» **Exercise instructions**
Here is a listing; restate all of it exactly.

» **Data**
* * * * * * * * *
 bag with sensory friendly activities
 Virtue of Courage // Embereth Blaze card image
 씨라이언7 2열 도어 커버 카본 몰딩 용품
* * * * * * * * *
» **Result of the exercise**
 bag with sensory friendly activities
 Virtue of Courage // Embereth Blaze card image
 씨라이언7 2열 도어 커버 카본 몰딩 용품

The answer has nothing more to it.